(Beginning of Supplied information)

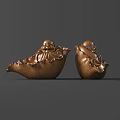 Two Golden Buddha Sculptures With Smiling Expressions And Lotus Leaf Bases
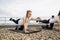 Yoga enthusiasts practicing balance pose on roof terrace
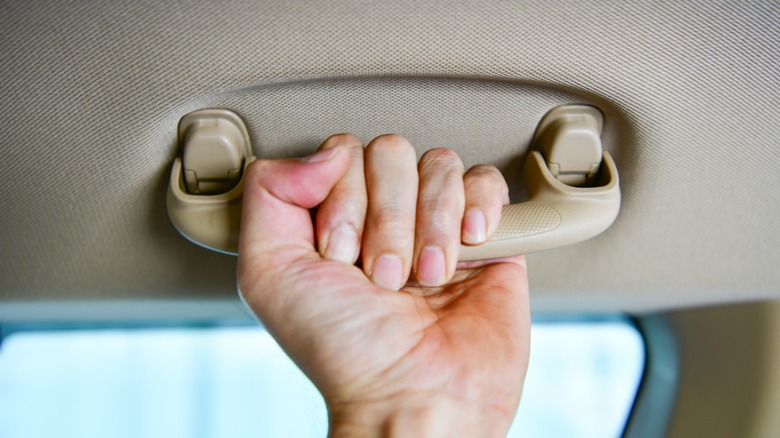 hand gripping car grab handle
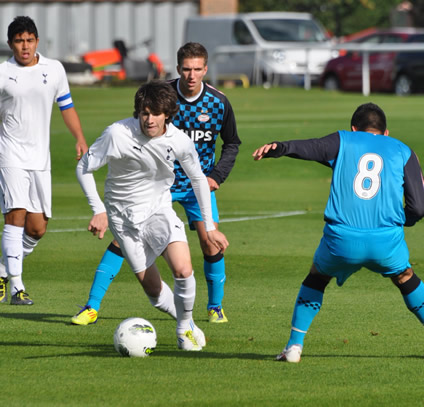 Cristian Ceballos dances around PSV's Tufan Ozbozkurt, before scoring Spurs' opening goal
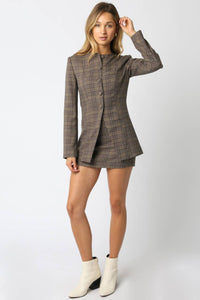 Woman wearing a plaid blazer and skirt set with white boots on a white background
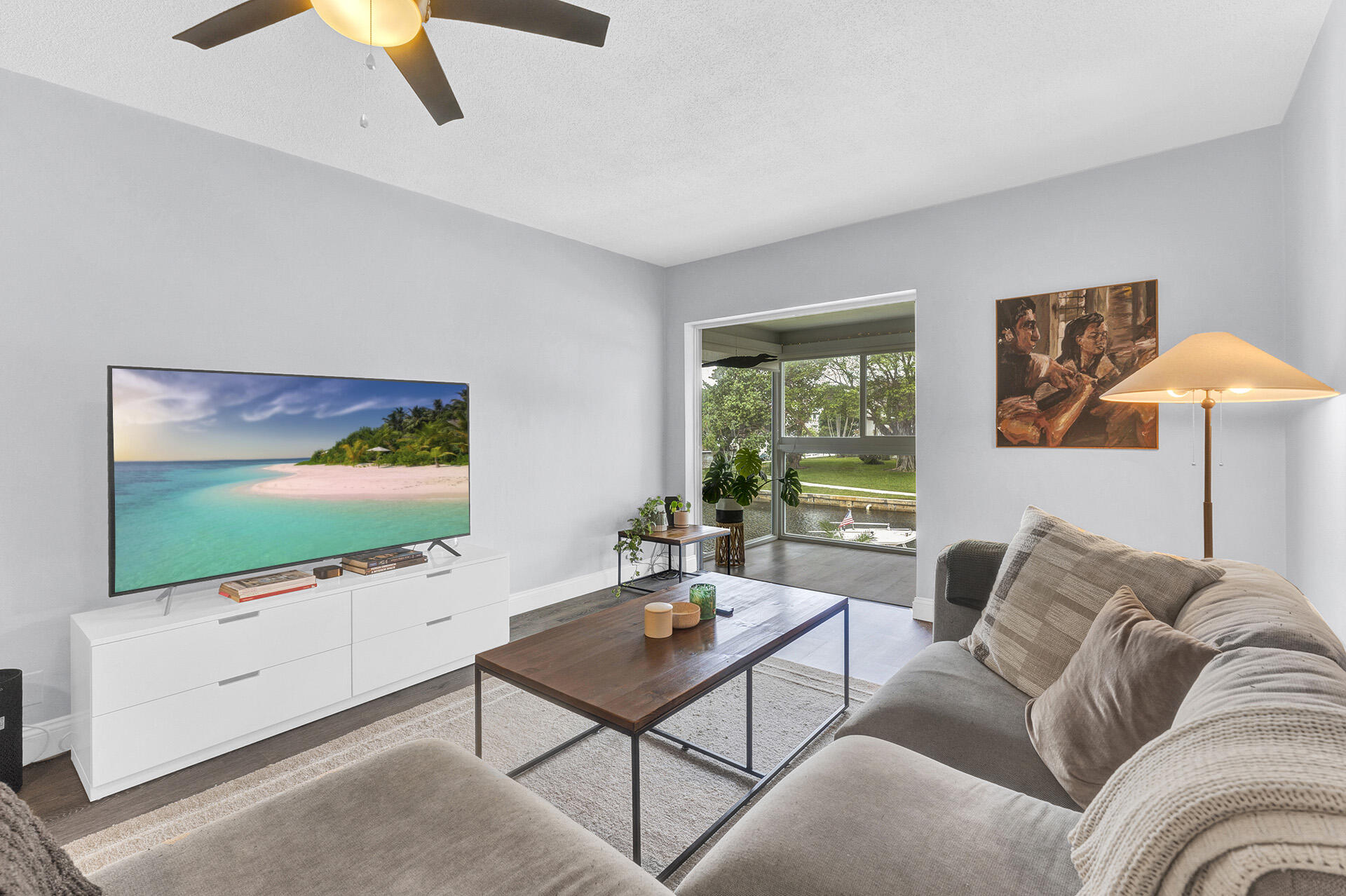 6100 Northeast 7th Avenue, Unit 20 Boca Raton, FL 33487 - Photo 2 of 42 a living room with furniture and a flat screen tv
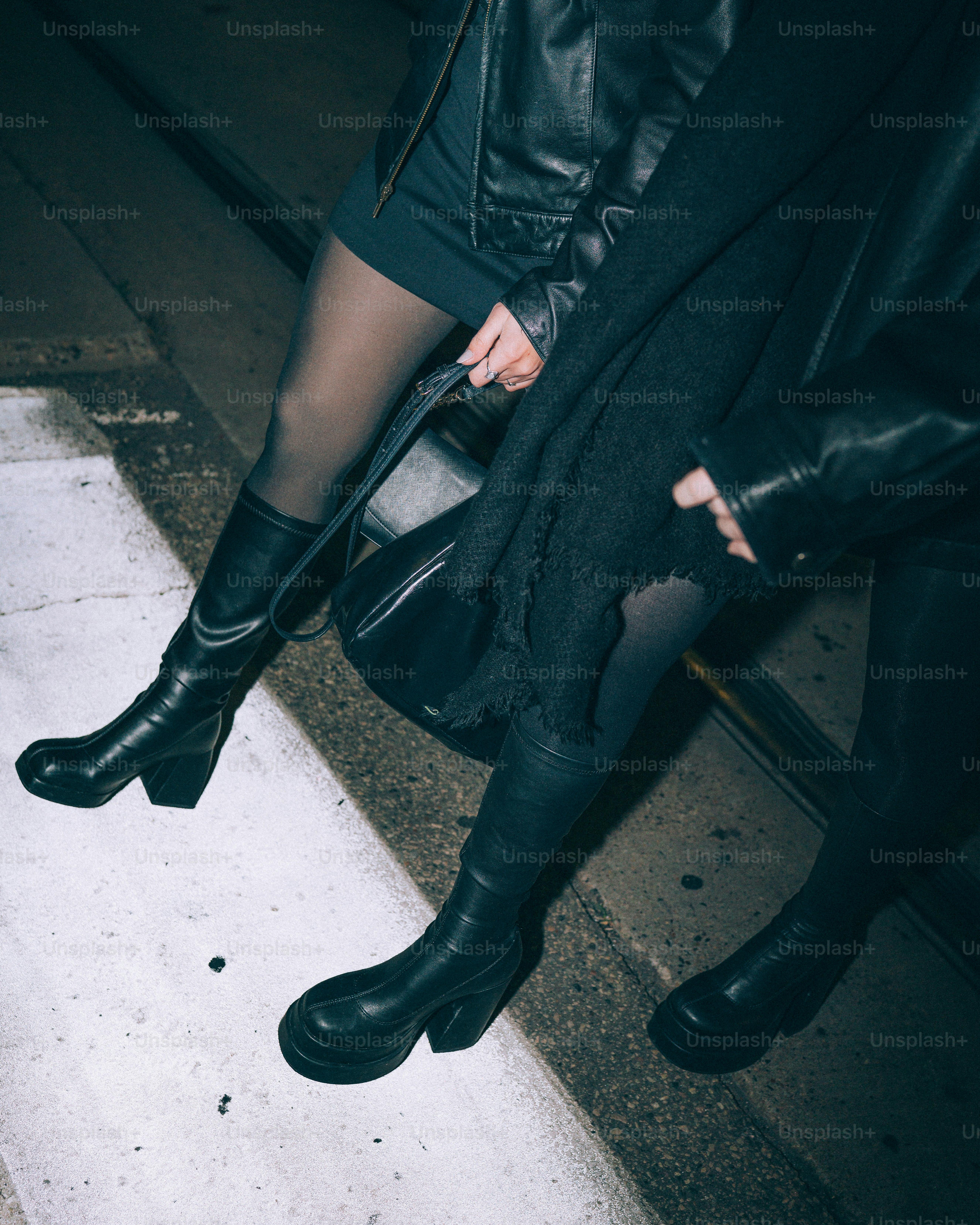Two people wearing black boots and dark clothing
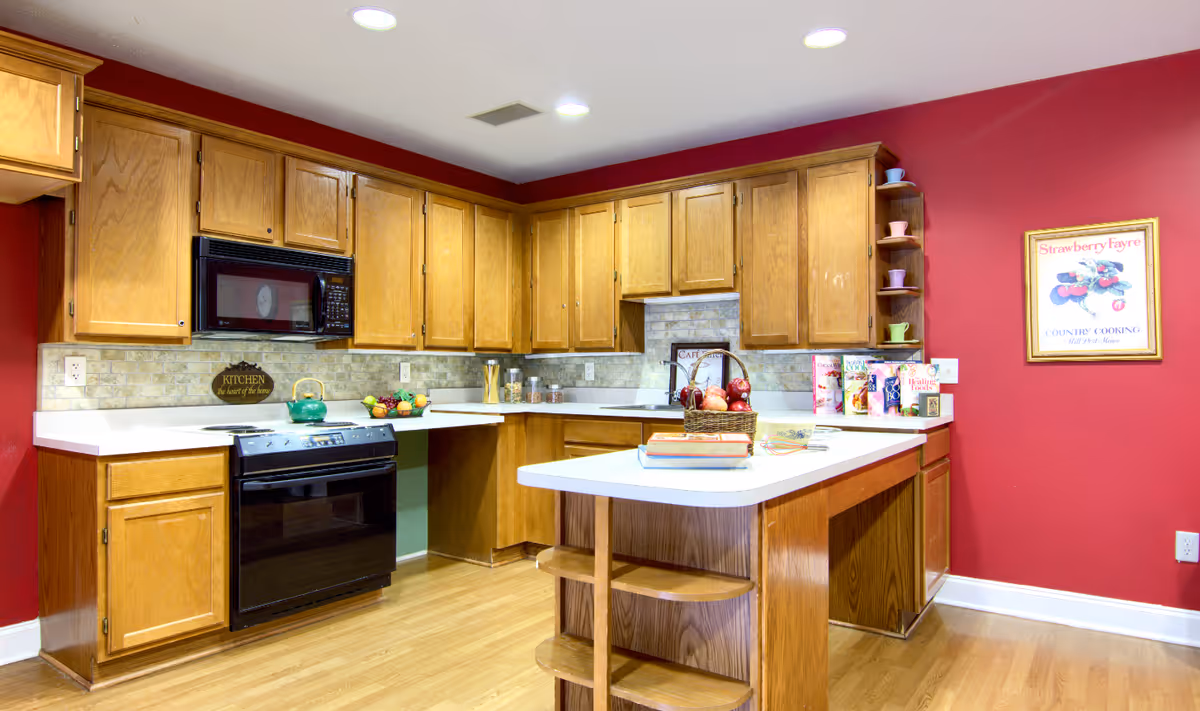 A bright kitchen with wooden cabinets and a white countertop island. The walls are painted red, and there is a black microwave and oven. Various kitchen items, including a basket of apples, cereal boxes, and colorful cups on a small shelf, are displayed on the counters. A framed picture hangs on the wall.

(End of Supplied information)

Your task - With the pictures left out, output exactly the lines that begin at the line containing "6100 Northeast 7th" and end at the last line of the material.

Task solution -
 6100 Northeast 7th Avenue, Unit 20 Boca Raton, FL 33487 - Photo 2 of 42 a living room with furniture and a flat screen tv
Two people wearing black boots and dark clothing
 A bright kitchen with wooden cabinets and a white countertop island. The walls are painted red, and there is a black microwave and oven. Various kitchen items, including a basket of apples, cereal boxes, and colorful cups on a small shelf, are displayed on the counters. A framed picture hangs on the wall.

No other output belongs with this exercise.